How We Built a ML Model to Predict Proteins for Insecticidal Activity?
Karnam Vasudeva Rao
To improve the crop plant yield, agriculture companies have successfully adopted development of insect resistant crops by expressing insecticidal (insect killing) proteins in plants. As a leader in Agriculture Biotechnology industry, Bayer tests hundreds of genes every year for insecticidal activity in their proprietary pipeline to develop next generation of insect control solutions. Identification and nomination insecticidal proteins using traditional methods like blast and structure similarity have some drawbacks because of which more than 90% of the nominated proteins end up displaying no or less activity against insects. The testing of these proteins consumes enormous amount of time and resource. So we adopted machine learning (ML) approach to identify these proteins. We generated numerous features for more than 5000 amino acid sequences using a Python toolkit, iFeature, developed by Chen et al, in 2018 and built ML models to identify proteins with insecticidal activity. Proteins identified using this method are tested in the pipeline to check their efficacy against insect pests. Challenges faced while building the model and methods to overcome those challenges are discussed in this presentation. The information in this presentation can be helpful for building models for bio-medical research (example cancer-related proteins, proteins in age-related diseases), agriculture and other domains.
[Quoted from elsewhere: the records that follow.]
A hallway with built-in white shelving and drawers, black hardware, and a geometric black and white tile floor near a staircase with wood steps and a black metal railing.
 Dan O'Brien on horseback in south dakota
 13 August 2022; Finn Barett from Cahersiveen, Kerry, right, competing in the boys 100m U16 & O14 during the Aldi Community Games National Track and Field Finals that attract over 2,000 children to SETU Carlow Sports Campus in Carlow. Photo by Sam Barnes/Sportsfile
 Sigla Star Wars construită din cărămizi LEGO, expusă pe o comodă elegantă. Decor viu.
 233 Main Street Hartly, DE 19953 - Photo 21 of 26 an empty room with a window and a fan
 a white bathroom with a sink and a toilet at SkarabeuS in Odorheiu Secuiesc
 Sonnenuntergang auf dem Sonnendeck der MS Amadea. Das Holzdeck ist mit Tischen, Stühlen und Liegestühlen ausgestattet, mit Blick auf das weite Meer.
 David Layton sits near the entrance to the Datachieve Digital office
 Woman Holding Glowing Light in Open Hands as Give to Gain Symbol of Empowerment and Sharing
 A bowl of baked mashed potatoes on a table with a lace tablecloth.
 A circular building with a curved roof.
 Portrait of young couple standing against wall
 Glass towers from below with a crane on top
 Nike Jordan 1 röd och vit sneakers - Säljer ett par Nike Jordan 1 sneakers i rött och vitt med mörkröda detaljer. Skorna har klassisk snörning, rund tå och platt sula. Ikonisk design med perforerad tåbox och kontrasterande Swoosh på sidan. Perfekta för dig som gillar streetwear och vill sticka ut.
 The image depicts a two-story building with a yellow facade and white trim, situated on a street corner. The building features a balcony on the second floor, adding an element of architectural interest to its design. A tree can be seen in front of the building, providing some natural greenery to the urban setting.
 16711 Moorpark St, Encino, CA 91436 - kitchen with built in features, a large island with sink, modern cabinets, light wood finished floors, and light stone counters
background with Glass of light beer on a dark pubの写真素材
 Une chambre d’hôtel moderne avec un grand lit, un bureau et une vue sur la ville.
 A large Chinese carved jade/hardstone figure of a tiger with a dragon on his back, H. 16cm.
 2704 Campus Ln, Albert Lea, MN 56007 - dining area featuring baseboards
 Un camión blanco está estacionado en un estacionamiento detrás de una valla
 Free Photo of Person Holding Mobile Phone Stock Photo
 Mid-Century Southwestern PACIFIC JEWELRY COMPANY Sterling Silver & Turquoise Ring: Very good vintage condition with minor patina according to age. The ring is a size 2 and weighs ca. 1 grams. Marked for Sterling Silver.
- What are insecticidal proteins?
- Why machine learning for protein activity identification?
- Different approaches used by researchers
- Why not traditional methods?
- iFeature - a Python tool kit
5a. Why did we choose iFeature?
5b. What features iFeature has?
5c. How we adopted it for our need?
- Model performance
- Model managament
- What were the challenges?
- How did we overcome those?
- Where else this study can be applied?
Dr. Karnam Vasudeva Rao is presently working as Senior Scientist-Data Science, Bayer, Bengaluru, India since 2009. Prior to this Vasu has pursued his PhD from Max-Planck Institute For Biochemistry, Munich, Germany. He has enormous experience working in research organizations in India and abroad. He is involved in developing data science products in his organization and in mentoring budding Data Scientists within and outside the organization.